Korean media giant Samsung has set a new record with their PM1643, a 30.72-terabyte solid state drive (SSD) designed for enterprise storage systems. The drive is the largest Serial Attached SCSI (SAS) solid-state drive in the world, per a press release from Samsung.
The PM1643 utilizes 32 of the company’s 1-terabyte NAND flash packages (each of which contains 16 stacked layers of V-NAND chips). It’s part of a lineup of enterprise drives that will include 15.36TB, 7.68TB, 3.84TB, 1.92TB, 960GB, and 800GB versions, all utilizing similar technologies to achieve high storage capacities and fast operating speeds.
From the press release:
Based on a 12Gb/s SAS interface, the new PM1643 drive features random read and write speeds of up to 400,000 IOPS and 50,000 IOPS, and sequential read and write speeds of up to 2,100MB/s and 1,700 MB/s, respectively. These represent approximately four times the random read performance and three times the sequential read performance of a typical 2.5-inch SATA SSD.
As the drive is intended for use in high-performance applications, it’s outfitted with a number of safeguards against data loss, including “data retention and recovery from sudden power failures” and an advanced error correction code algorithm that minimizes maintenance—a necessity on larger solid-state drives.

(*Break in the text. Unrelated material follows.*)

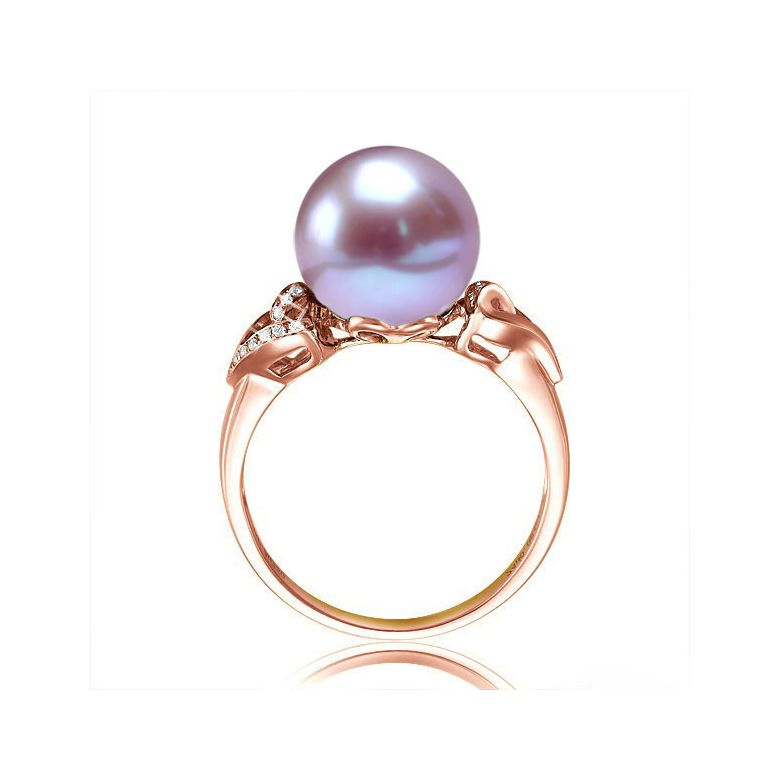 Bague coeur de perle diamanté - Or rose et Perle d'eau douce Lavande - 3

Despite numerous features to ensure data integrity, we’d like to note that no storage device is perfect. All vital storage devices should be regularly backed up, and those backups should be checked regularly.

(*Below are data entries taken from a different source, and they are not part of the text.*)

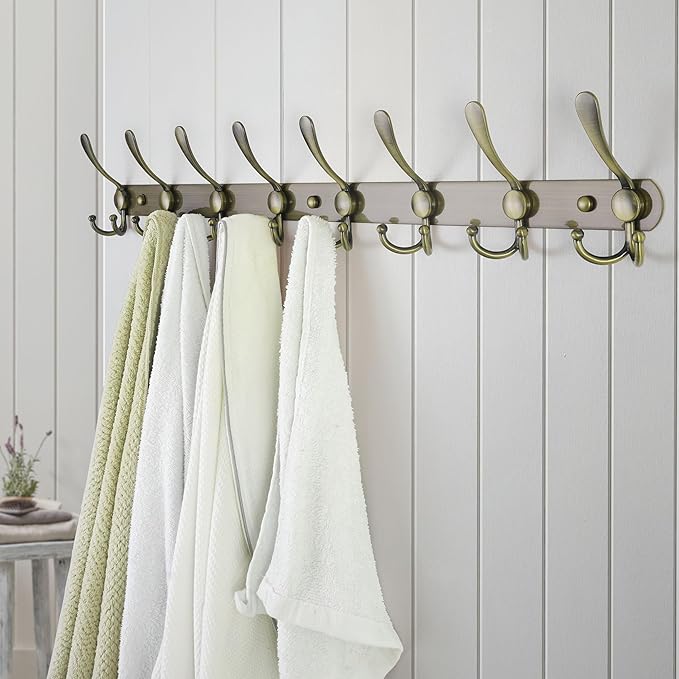 Dseap Coat Rack Wall Mount - 29.5” Long 8-Tri-Hooks Heavy Duty Coat Hanger Rail Wall Hooks for Hanging Coats Hats Clothing Cl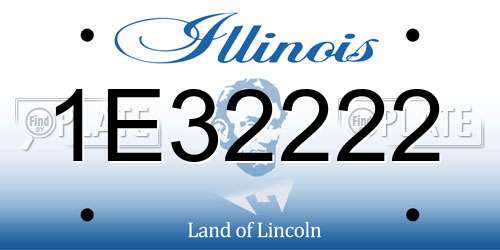 1E32222 Illinois License Plate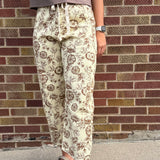 Floral Printed Cropped Straight Pant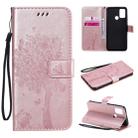 For Huawei Honor 9A Tree & Cat Embossed Pattern Horizontal Flip Leather Case with Holder & Card Slots & Wallet & Lanyard(Rose Gold) - 1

Solid-state drives have gradually gained popularity over hard drives for many enterprise applications.
That’s partly due to the massive storage capacities of drives like the PM1643. Of course, enterprise hard drives are still growing, as manufacturers of traditional hard disk drives have incorporated innovative technologies into ultra-high-density drives to bypass mechanical limits of the media.

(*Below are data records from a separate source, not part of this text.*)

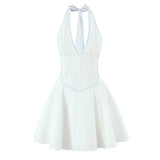 Yeknu  Jastie Sexy Simple Halter White Mini Dress Women Cotton Low Waist A-line Backless Dresses Party Robe Summer Vestidos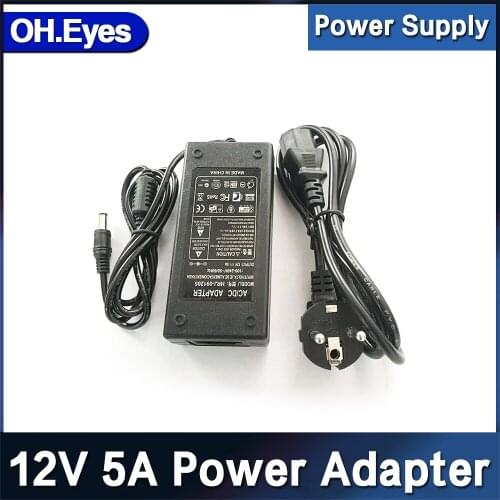 Universal 12V 5A AC100-240V to DC Power Adapter Converter Supply Charger Transformer with LED Indicator light NEW
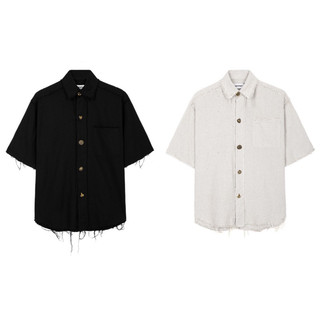 Áo sơ mi linen tay ngắn unisex vạt bầu
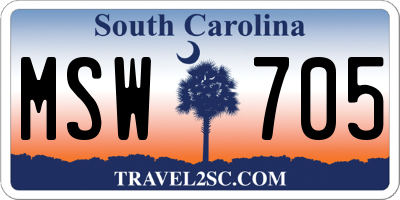 SC license plate MSW705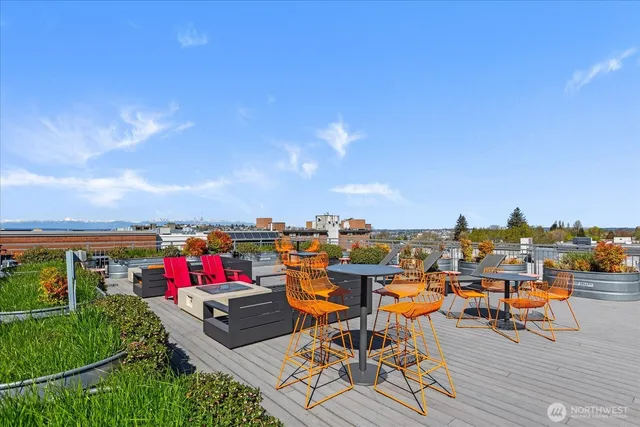 an outdoor space with furniture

Drives like Western Digital’s HGST Ultrastar He12 (12 terabytes) use helium to reduce aerodynamic forces, allowing for more platters per drive. To keep the helium within the hard drive, the casing is hermetically sealed (which, incidentally, creates some challenges for data recovery engineers).
Extreme high-density drives are rarely marketed towards consumers, as they’re prohibitively expensive. After all, for a typical personal computer user, one terabyte is more than enough, and as more consumers embrace cloud storage products like iCloud and Google Drive, physical media storage capacity is becoming less important.
Still, data centers and other enterprise operations often require large-capacity media, and Samsung’s 30.72-terabyte drive certainly represents a landmark in digital storage technology.